陸炳咧了咧嘴,啞口無言,陸俊忙幫着解釋,“唐大人,你的确誤會了,聞香教雖然說什麽解脫,可是他們的解脫之法卻是習氣功修内丹。并沒有什麽違抗朝廷之舉,相反還救濟流民,安撫百姓,和州縣衙門和睦相處。唐大人,若是連這樣的教派都要下死手,其他的教派就該萬剮淩遲。”
“本來就是。”唐毅沒好氣說道:“我就不信聞香教是什麽善類,這種組織曆來不是要造反,就是圖财,就沒有一個好東西!”
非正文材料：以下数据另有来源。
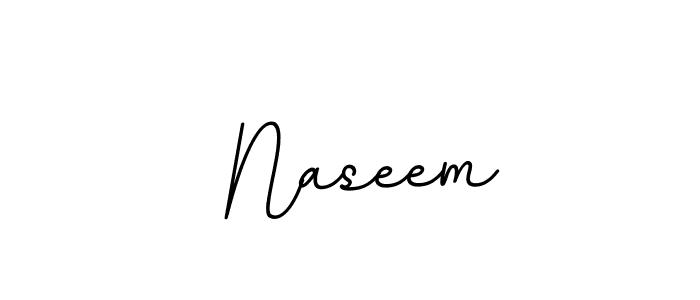 Make a beautiful signature design for name  Naseem. With this signature (BallpointsItalic-DORy9) style, you can create a handwritten signature for free.  Naseem signature style 11 images and pictures png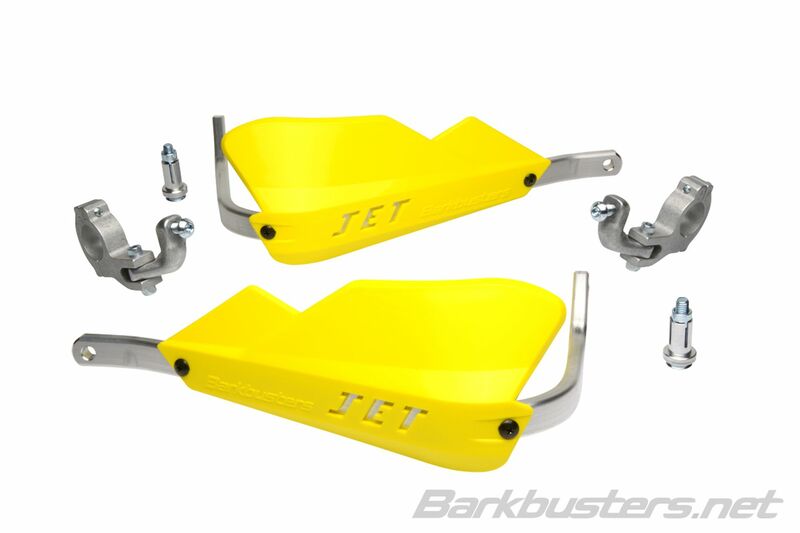 BARKBUSTERS Jet Handguard Set a due punti Giallo giallo conico-002-02-ye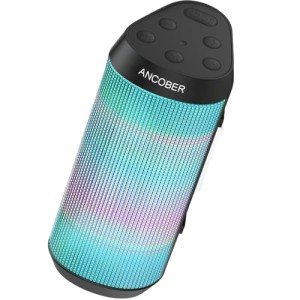 Portable Bluetooth Speaker with HD Sound and Lights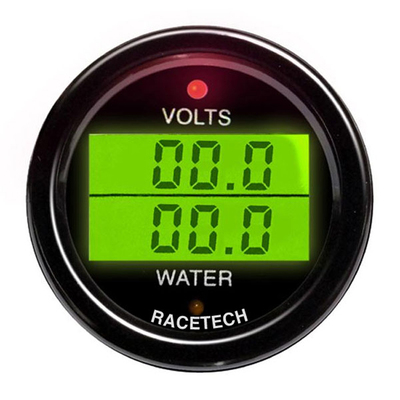 Racetech Volts / Indicatore doppio della temperatura dell'acqua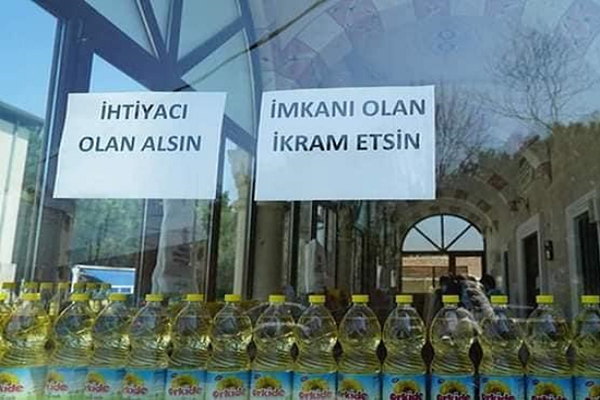 تبدیل مسجد ترکیه به سوپرمارکت نیازمندان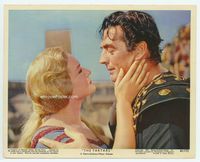 d331 TARTARS Eng/US color 8x10 movie still #6 '61 great close up of Victor Mature & Liana Orfei!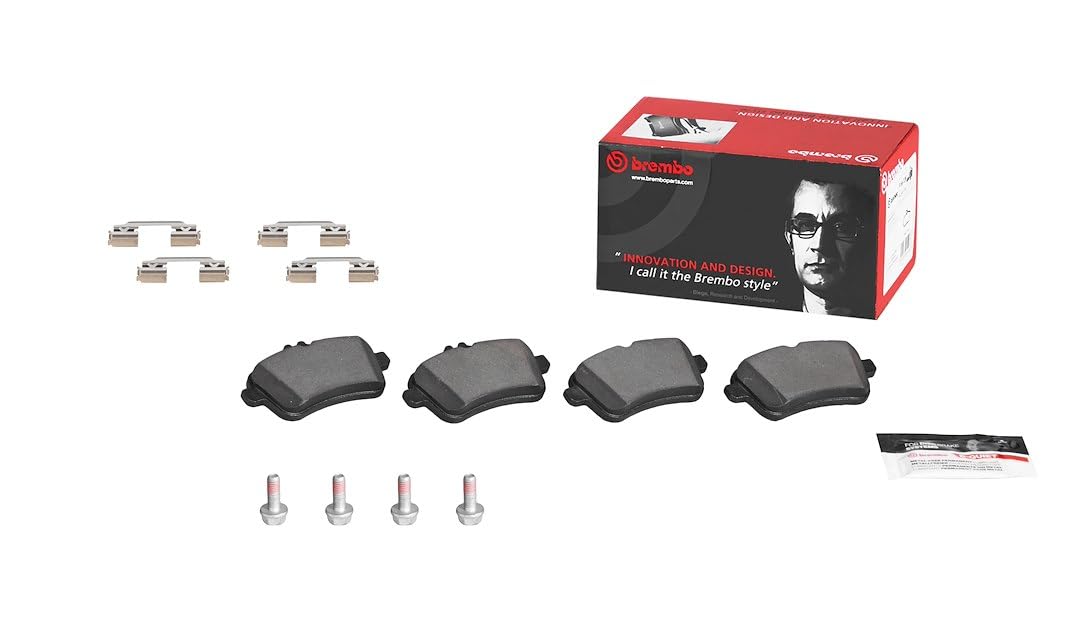 BREMBO P50101N Brembo P50101N Premium Ceramic Rear Disc Brake Pad Set MERCEDES-BENZ OE# A0064206320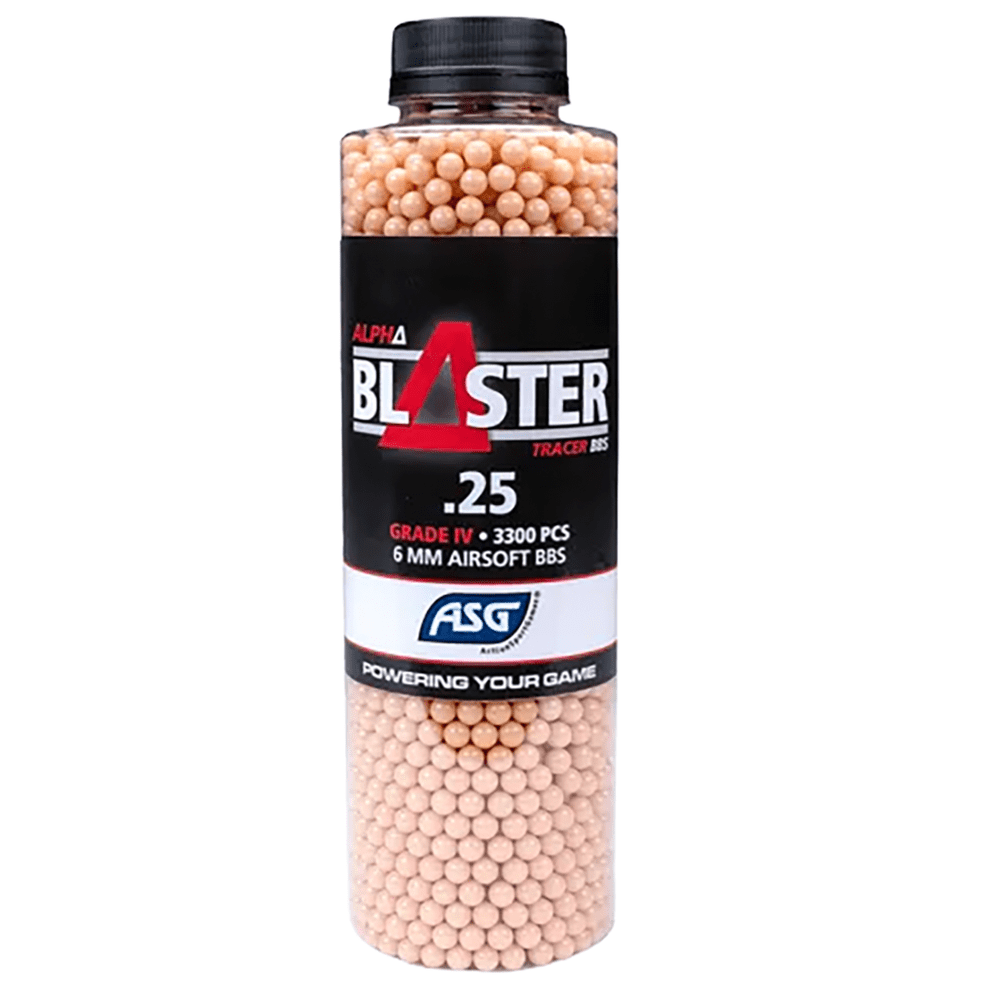 ASG Airsoft Alpha Blaster Red Tracer BBs 0.25g 3300 Bottle Pellets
“唐大人果然法眼如炬。”陸俊說道:“聞香教最初向信衆收取金錢。得來的錢多數都用在了采購奇珍異寶,煉制丹藥上面,不過忙活了幾年。一無所獲。後來聞香教改變了路數,他們依舊收取金錢。隻是拿出很少一部分用來煉丹制藥,大多數都用來借貸給缺錢的信徒,說什麽信衆兄弟,扶困濟危,實則是收取利息。”
陸俊見唐毅來了興趣,他繼續說道:“由于聞香教收取的利息比高利貸稍微低一些,很多窮困百姓都願意向他們借錢,随之而來,信衆越發增多。從順天府向外蔓延,陝西、河南、湖廣、山東、江西、應天。據說最遠到達了閩浙等地。不過人數最多的還要數順天和山東,信衆多達幾十萬,光是天津三衛,就有不下三萬人。而且天津三衛的軍戶,以及漕口上的民夫都争相加入聞香教,在各地都有他們的廟宇據點。不止像以往那樣借貸給百姓,還設立錢莊票号,經營生意,做買做賣。”
陸炳苦着臉補充道:“前些日子有人就來讨要幹股,早知道他們是聞香教的,我就答應好了,破财免災。我隻當他們是一幫窮瘋的土賊,沒想到勢力竟然這麽龐大,失策,失策啊!”陸炳唉聲歎氣,他這條強龍是拿聞香教的地頭蛇沒辦法了。
聽完這對叔侄的介紹,唐毅總算弄清楚了怎麽回事,也明白了陸炳的爲難。
聞香教和其他的教不同,他們隻是貪圖财物,還沒想推翻大明。如果調集大軍圍剿,很有可能就逼反了幾十萬的聞香教徒,弄巧成拙。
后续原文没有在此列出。